Relief floods me. Yes, I admit it’s less than ideal that the blood all over Aloha’s hands came out of me. But better me than her. At the end of the day—and it looks like this might be the end of my very last day—all that matters to me is that Aloha is safe.
Aloha is safe.
I can go now.
My eyes flutter closed.
Darkness descends.
“No!” Aloha shrieks. She grips
my hand hard, jolting me back to consciousness, just for a second. Just long enough for me to hear her scream, “I love you! Zander, no, don’t close your eyes! Don’t go! I love you! You’re my everything!”
Somewhere my brain registers the happy thought that Aloha just now used the magic words—and she was talking to me. I must admit that makes me happier than I ever thought it would. I genuinely thought I didn’t need to hear those words from her, but now that I have, I realize I did. Just once. And now my life is complete. I got the best going-away gift from my wife possible, and now it’s time to go.

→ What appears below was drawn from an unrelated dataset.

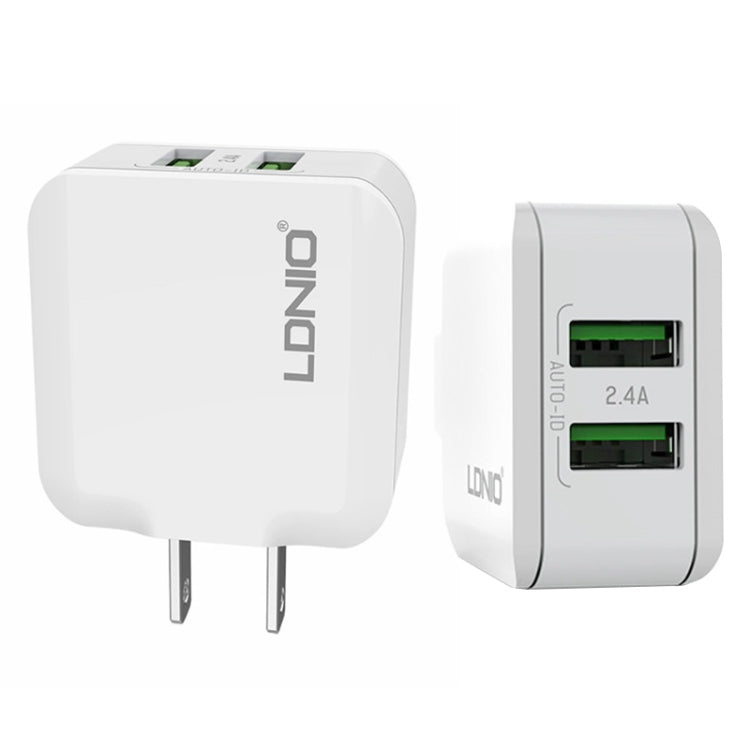 LDNIO A2201 رأس شحن مزدوج USB 2.4 أمبير شاحن مباشر للسفر مع كابل بيانات 8 دبابيس، 8 دبابيس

There’s only darkness now.
I can’t hear anything happening around me anymore. Is there anything else anymore, but this serenity? This love I feel for Aloha? Because that’s all I can feel. Love. Well, that, and the life force seeping out of me. No, flooding out of me, actually. Wow. I think I can actually feel my heartbeat slowing down. Thump, thump... thump...
Thump.
I wish I could open my eyes so I could see Aloha’s beautiful face one last time. I wish I could speak so I could say, “I love you, too. Now, don’t be scared. You got this, baby. Be brave, Aloha. Be you and be brave.” That’s what I’d say to my wife if I could. And if, by some miracle, I could say a little bit more, I’d also tell her I’m at peace. That this is exactly how I’d want to go out. Protecting her. If I could speak, I’d tell her that, if given the chance, I’d do exactly what I just did a hundred times out of a hundred. With no regrets. Because she was my reason for living. In fact, now that I’m here, I’m positive I fell in love with her in the primordial goop eons ago, and only arrived on earth in my present form when it was time for me to get on track to do what I just did... because she’s my destiny. My primordial destiny.
But before I can open my eyes to behold my wife’s emerald green eyes one last time or get a single word out… not even a simple “love”… I feel the last drop of life force trickle out of me… and my heart thump one last whisper of a time… Visions of Aloha, Peenie, Mom, and Zahara flicker weakly across my brain like static on a walkie talkie. And then the world, and my mind, fade to black.